*** DATA SHOWN ***
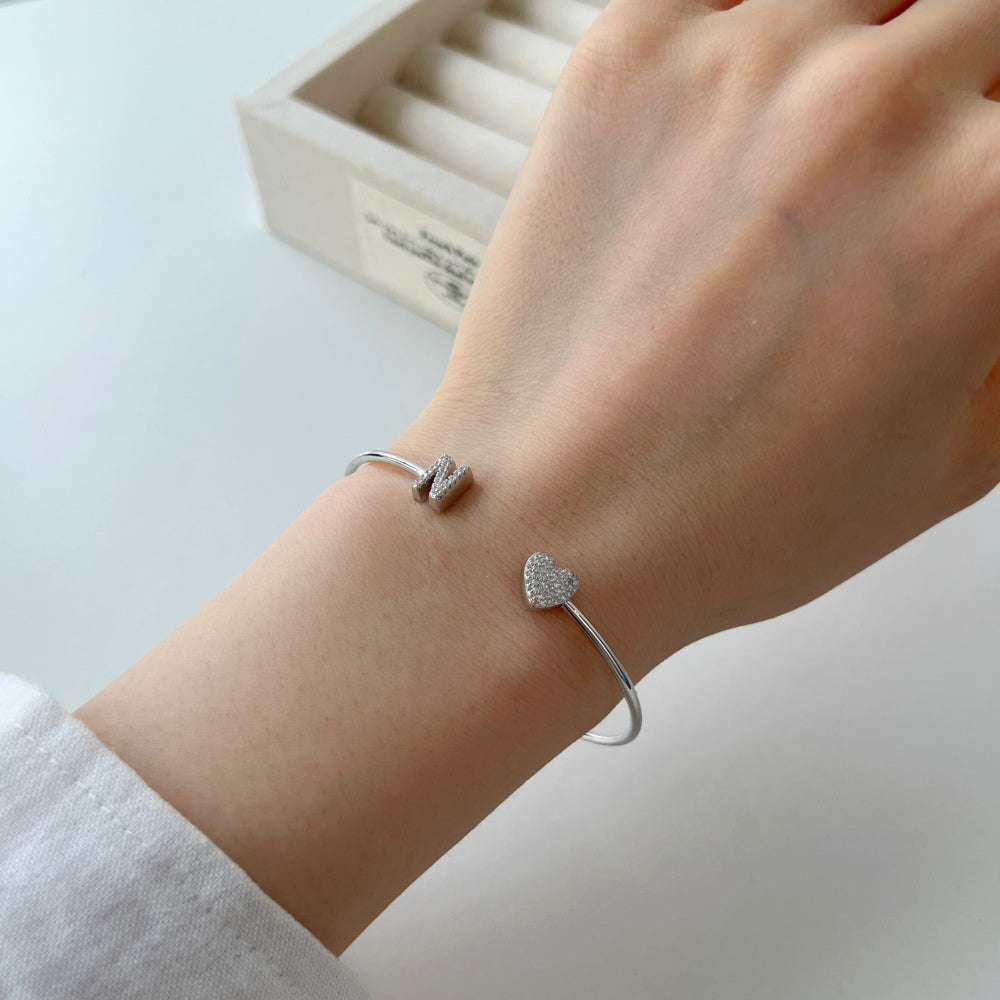 925 Silver Bangle Letter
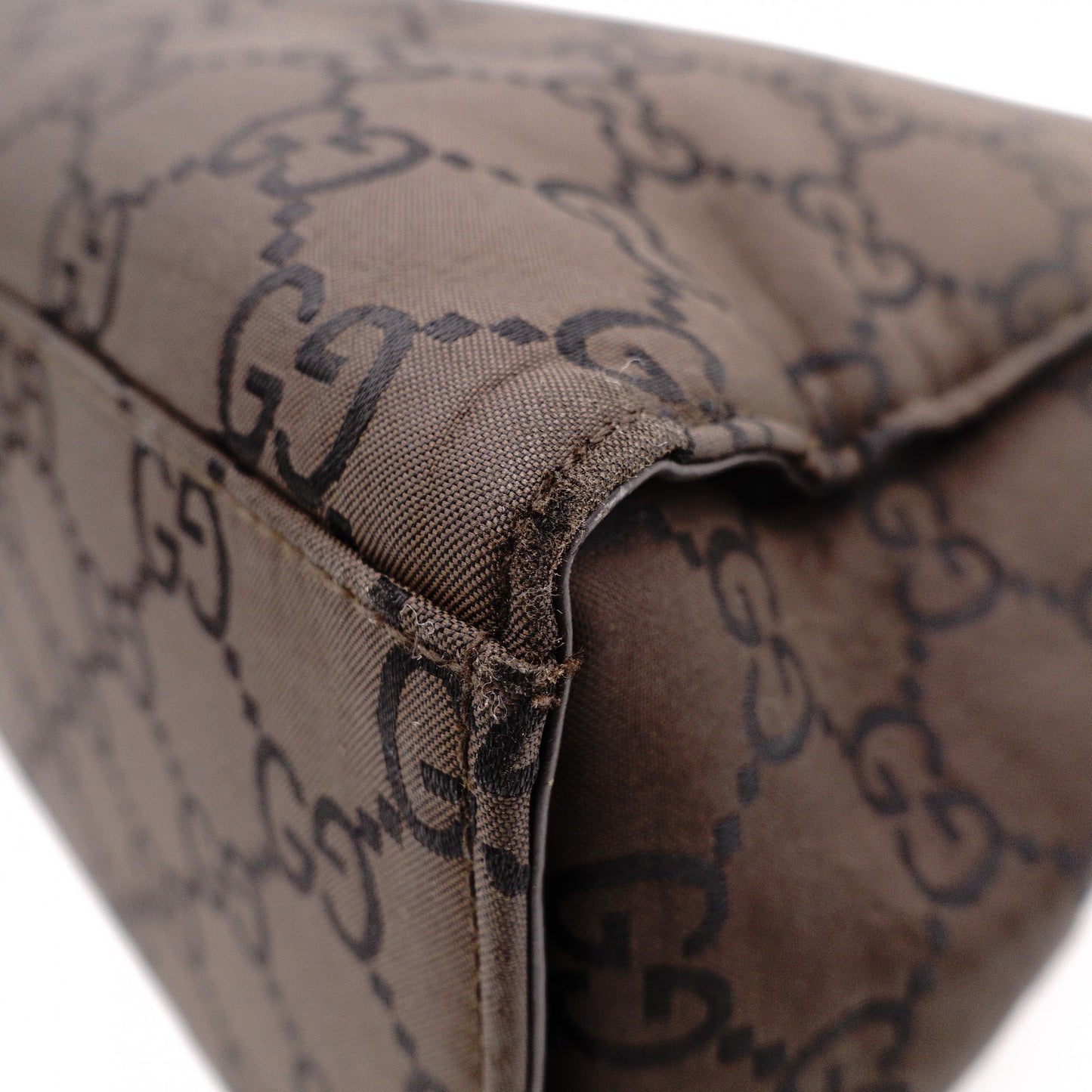 GUCCI Bamboo Handbag, Canvas, Brown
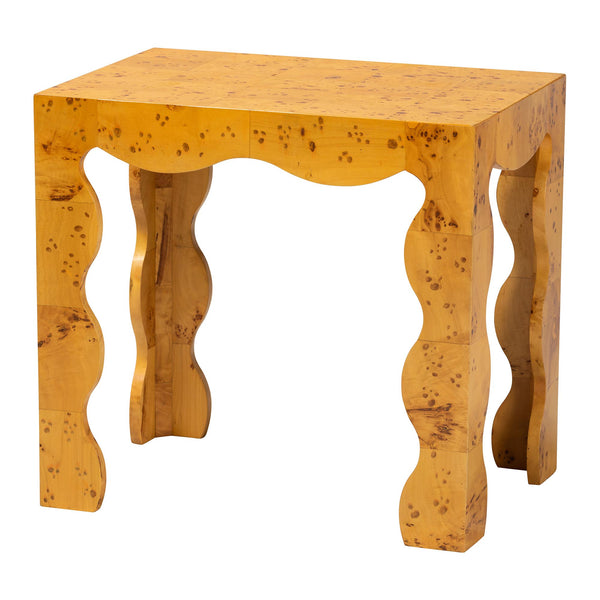 Huxley Modern and Contemporary Natural Real Burl Wood End Table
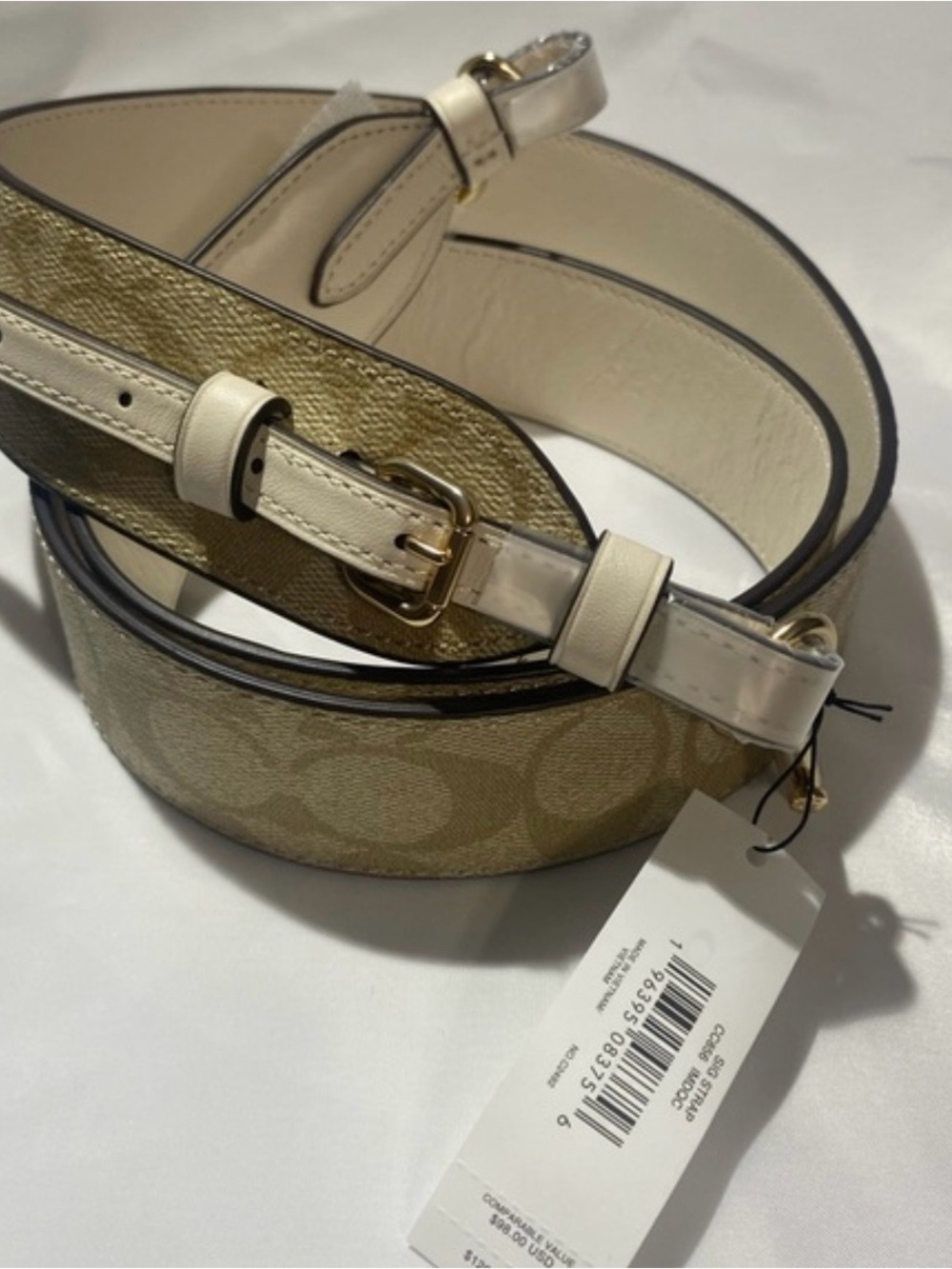 Coach Signature Canvas Adjustable Strap in Cream and Gold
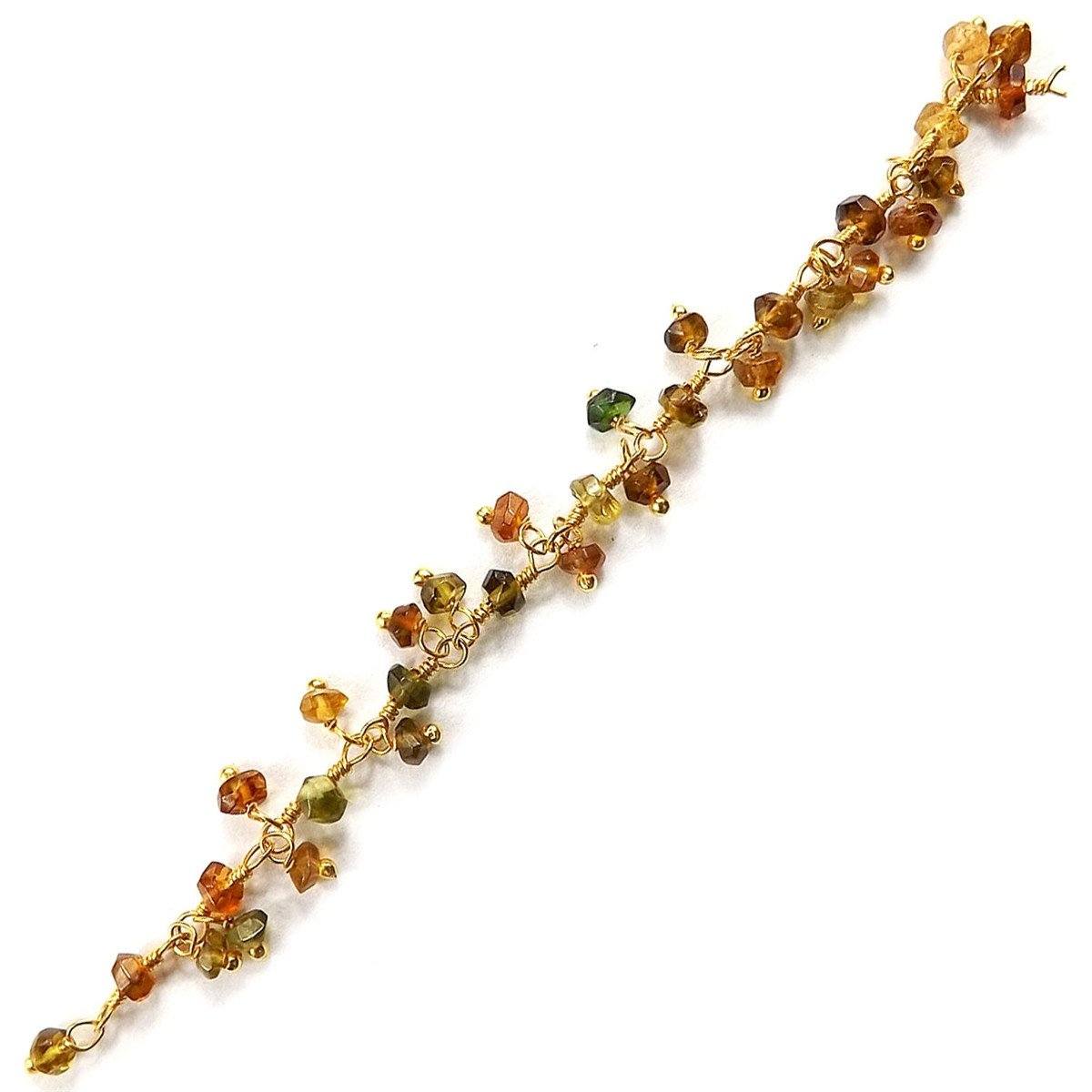 18K Gold Overlay Over Copper beaded chain with Tourmaline featuring clustered multicolor stone accents and polished links for wholesale jewelry manufacturing use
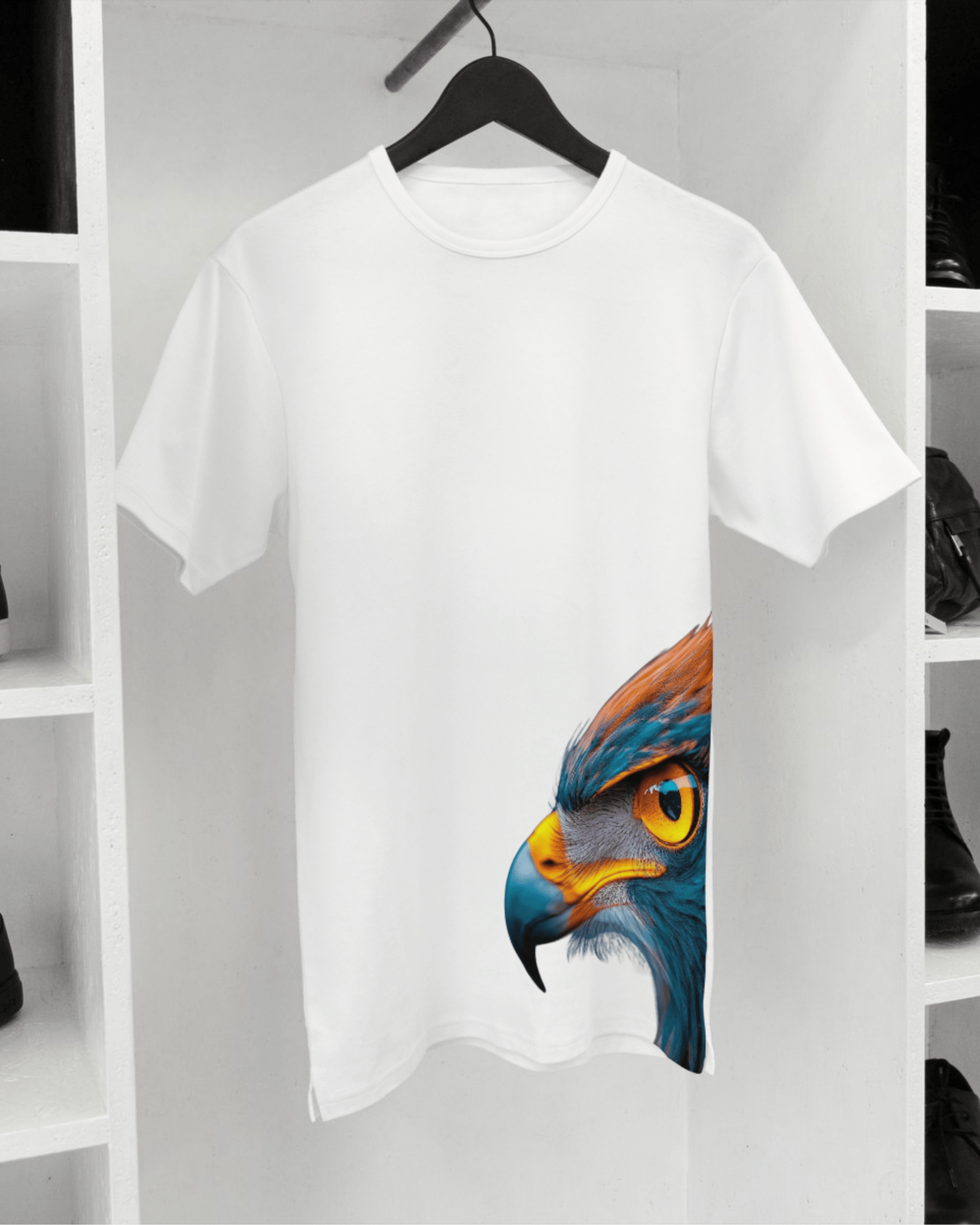 Hawk Vision T-Shirt – White Graphic Tee by Inkognito - Inkognito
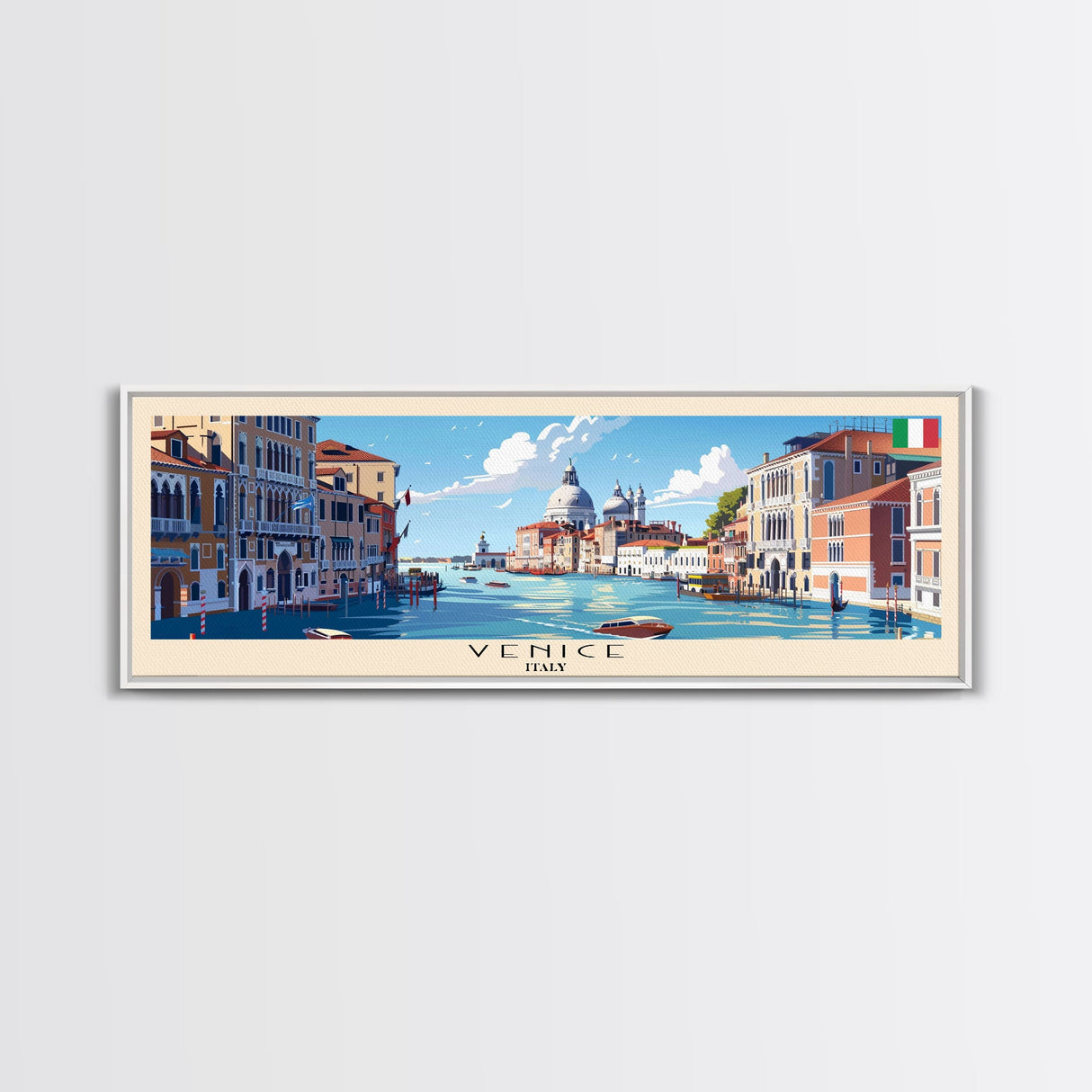 Venice Italy Travel Print Wall Art, Panoramic City Art, Travel Art, Wall Decor, Vacation Gift, Framed Canvas Print Or Metal Art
*** End of DATA SHOWN ***
| DIRECTIONS FOR THIS TASK |
Reproduce exactly the lines above from the one with "Hawk Vision T-Shirt" through the last line of the data, keeping both ends and dropping the pictures.

| SOLUTION FOR THIS EXERCISE |
 Hawk Vision T-Shirt – White Graphic Tee by Inkognito - Inkognito
 Venice Italy Travel Print Wall Art, Panoramic City Art, Travel Art, Wall Decor, Vacation Gift, Framed Canvas Print Or Metal Art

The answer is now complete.